**Task prompt**
Set down each line from the line holding "this 648×586 image." to the last line of the entries below, exactly, with both ends included and without pictures.

Start of Block

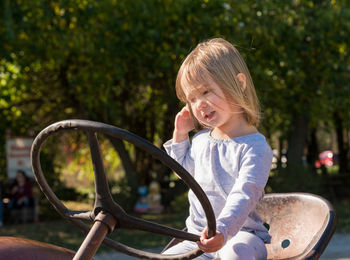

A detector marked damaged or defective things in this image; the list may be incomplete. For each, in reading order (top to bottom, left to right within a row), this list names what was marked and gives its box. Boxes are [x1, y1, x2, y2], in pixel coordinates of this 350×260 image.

rusty metal bar [73, 211, 117, 260]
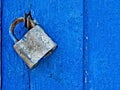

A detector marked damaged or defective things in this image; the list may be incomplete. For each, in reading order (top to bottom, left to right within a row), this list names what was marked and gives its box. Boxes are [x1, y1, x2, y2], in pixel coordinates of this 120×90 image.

rusty padlock [9, 12, 57, 68]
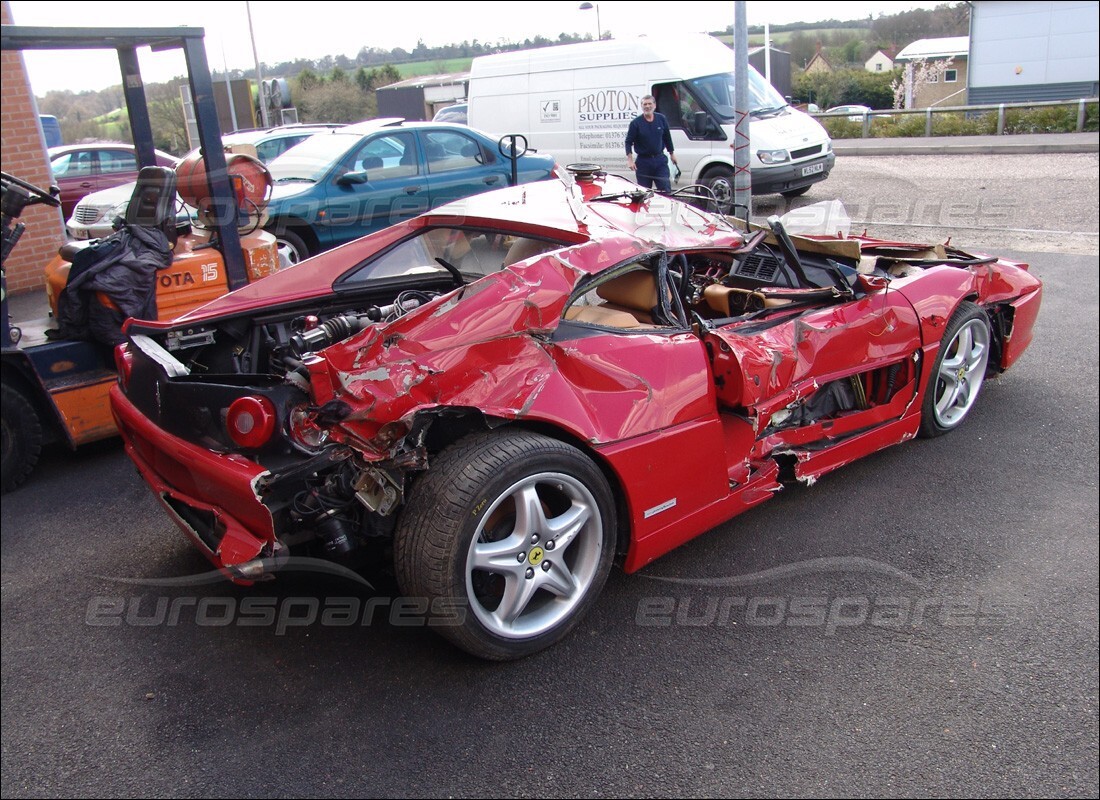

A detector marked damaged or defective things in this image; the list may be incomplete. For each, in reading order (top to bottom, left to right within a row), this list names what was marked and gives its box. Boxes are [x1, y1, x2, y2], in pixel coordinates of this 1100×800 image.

wrecked red ferrari [110, 167, 1040, 656]
damaged bodywork [110, 172, 1040, 660]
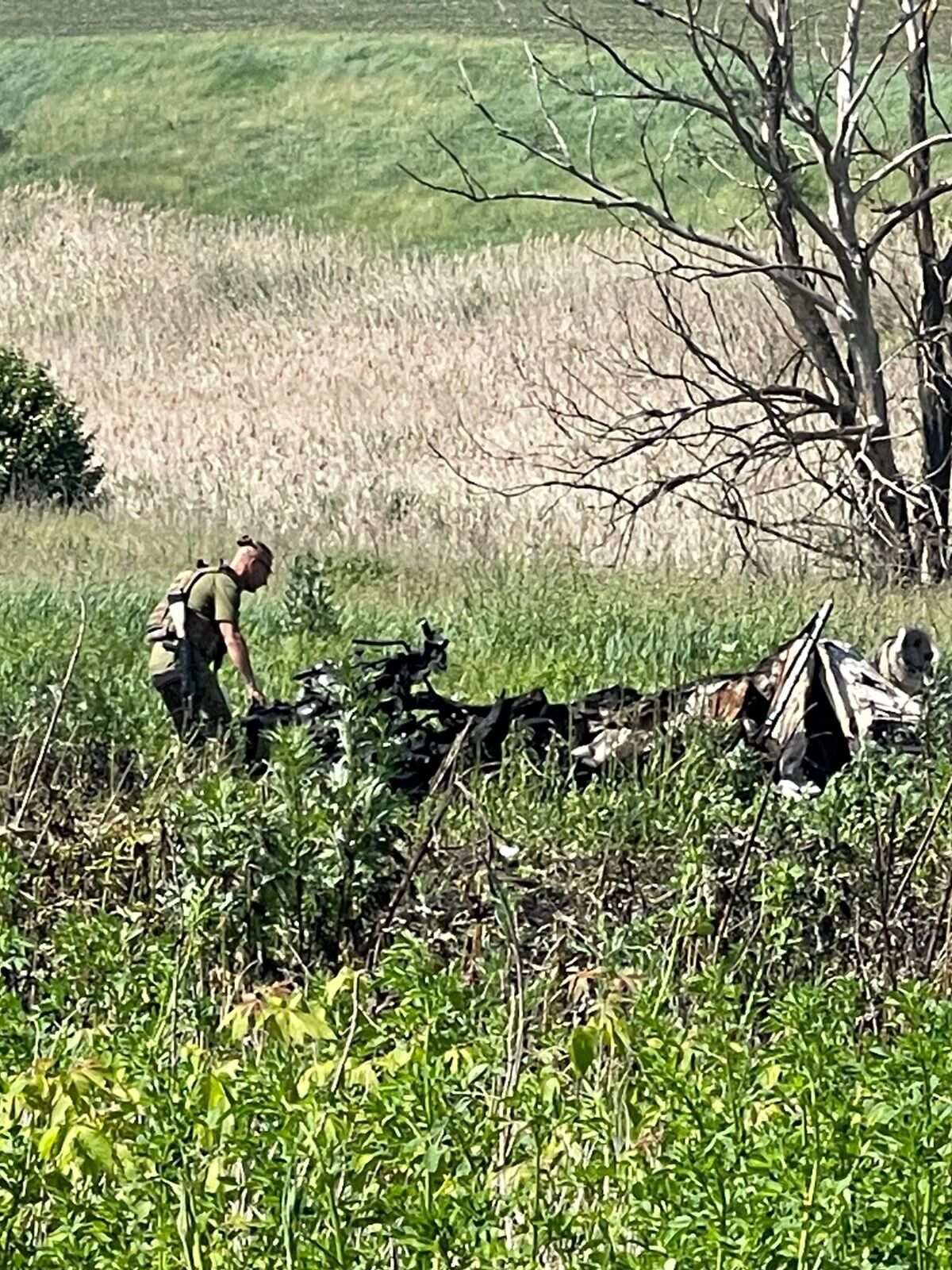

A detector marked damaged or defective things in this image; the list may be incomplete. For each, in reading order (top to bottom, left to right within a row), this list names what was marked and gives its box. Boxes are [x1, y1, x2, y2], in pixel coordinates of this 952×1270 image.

burned vehicle wreckage [242, 602, 934, 797]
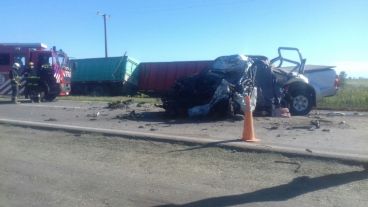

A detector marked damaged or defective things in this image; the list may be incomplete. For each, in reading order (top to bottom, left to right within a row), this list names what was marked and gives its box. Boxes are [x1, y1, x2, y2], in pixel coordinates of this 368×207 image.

severely crushed vehicle [162, 47, 314, 118]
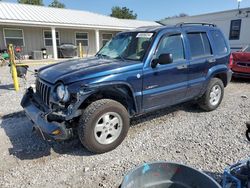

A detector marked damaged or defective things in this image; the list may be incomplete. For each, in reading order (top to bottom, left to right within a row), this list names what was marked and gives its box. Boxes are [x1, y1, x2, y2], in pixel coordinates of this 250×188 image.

damaged front bumper [20, 88, 73, 141]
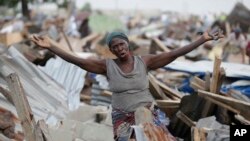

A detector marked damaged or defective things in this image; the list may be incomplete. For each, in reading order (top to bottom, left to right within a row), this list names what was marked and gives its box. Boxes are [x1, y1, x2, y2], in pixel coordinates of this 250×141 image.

broken wood plank [5, 73, 38, 140]
broken wood plank [175, 110, 196, 127]
broken wood plank [197, 90, 250, 120]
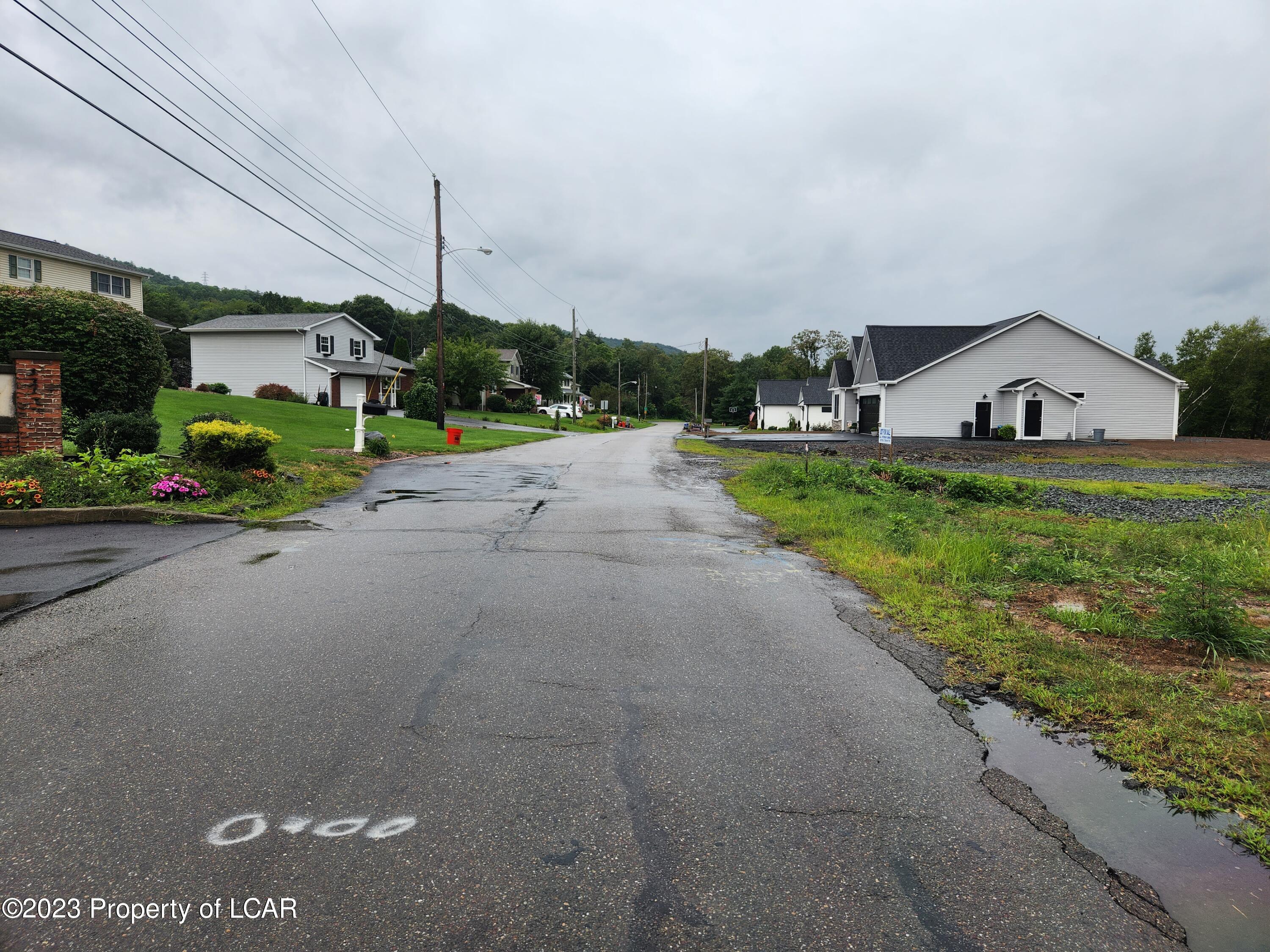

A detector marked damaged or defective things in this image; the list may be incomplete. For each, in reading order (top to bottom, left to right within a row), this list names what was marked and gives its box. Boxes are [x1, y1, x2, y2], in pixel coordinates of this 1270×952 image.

crack in asphalt [610, 691, 711, 949]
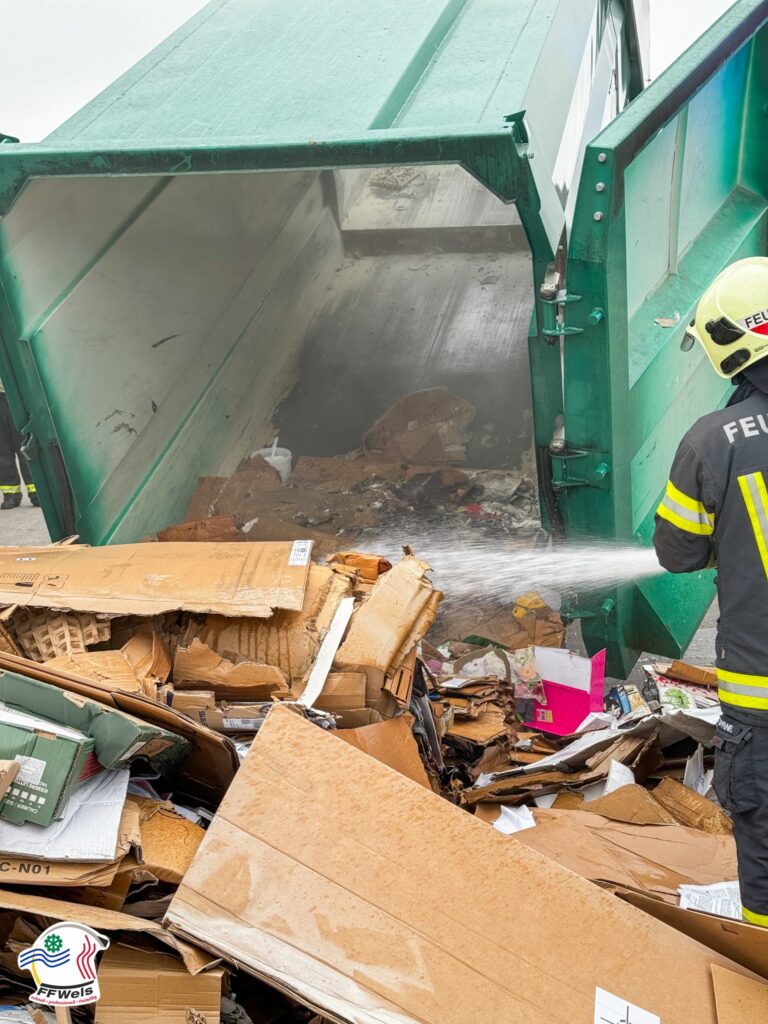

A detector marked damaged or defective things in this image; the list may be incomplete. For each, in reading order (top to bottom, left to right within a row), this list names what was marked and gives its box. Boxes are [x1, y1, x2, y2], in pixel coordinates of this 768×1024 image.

charred cardboard [0, 544, 315, 614]
torn cardboard [0, 544, 315, 614]
charred cardboard [0, 655, 239, 806]
charred cardboard [335, 716, 434, 786]
charred cardboard [165, 704, 749, 1024]
torn cardboard [166, 704, 753, 1024]
charred cardboard [524, 811, 741, 892]
charred cardboard [618, 892, 768, 987]
charred cardboard [94, 942, 224, 1024]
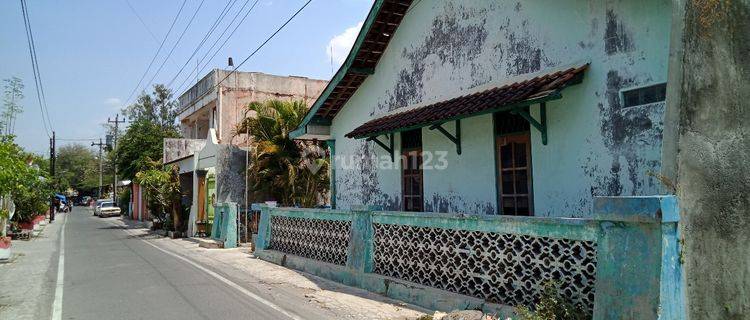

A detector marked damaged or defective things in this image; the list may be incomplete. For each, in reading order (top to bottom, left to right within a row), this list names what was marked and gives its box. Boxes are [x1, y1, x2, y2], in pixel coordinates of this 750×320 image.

peeling paint wall [332, 0, 672, 218]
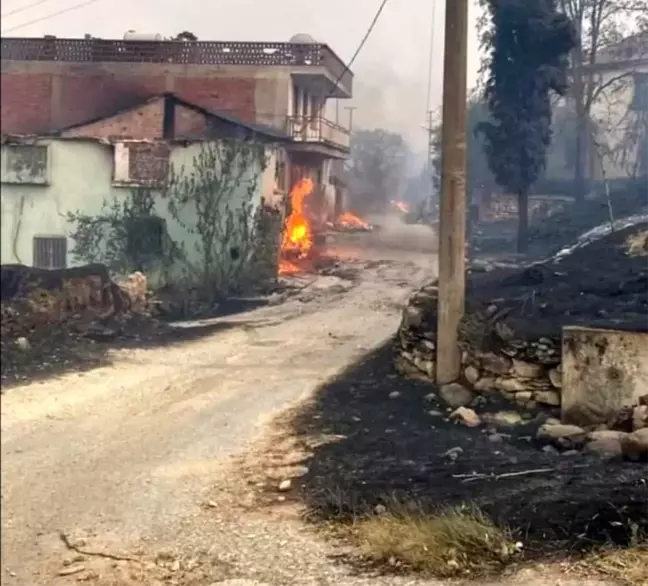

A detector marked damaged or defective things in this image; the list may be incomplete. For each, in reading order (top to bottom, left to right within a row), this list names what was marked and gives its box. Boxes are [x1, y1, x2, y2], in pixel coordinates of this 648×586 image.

damaged house [0, 91, 288, 288]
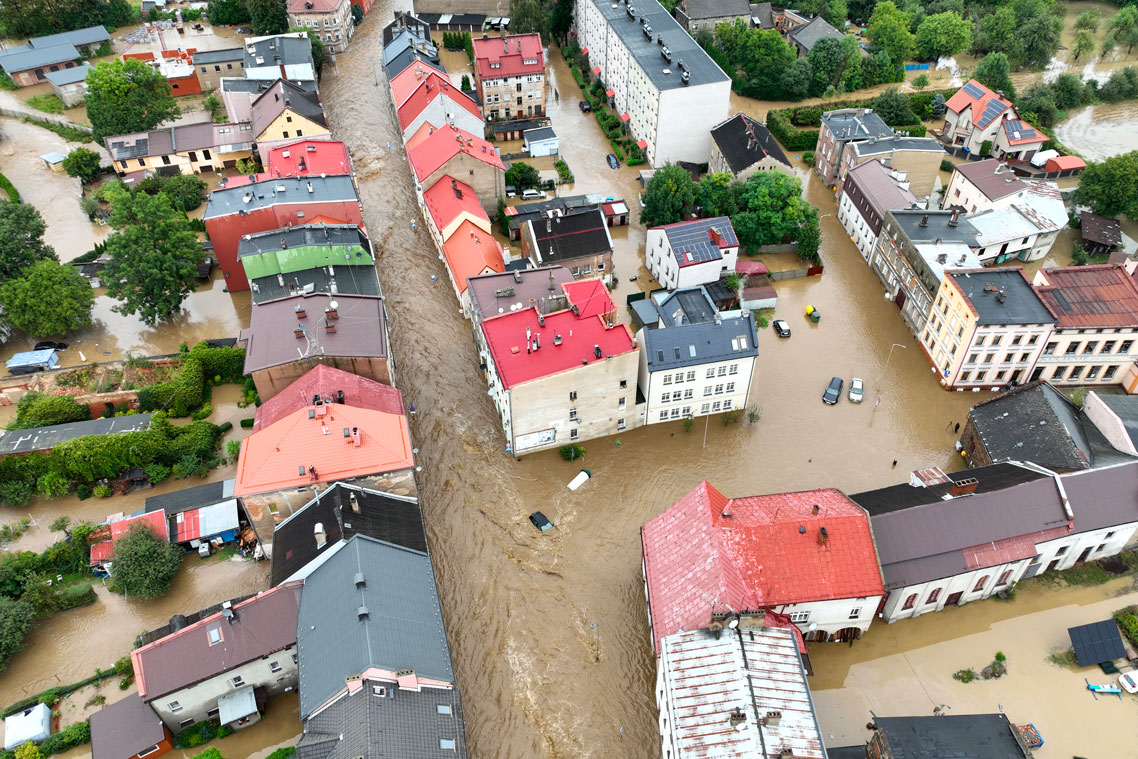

End of Block

**Solution for this exercise**
A detector marked damaged or defective things in this image; the list may be incomplete. For each, in reading order (top to bottom, left to right within a row), this list names what was marked and gives its box. Boxes are [x1, y1, x2, y2], in pixel coordinates of this 648×586 image.

damaged house [0, 91, 288, 288]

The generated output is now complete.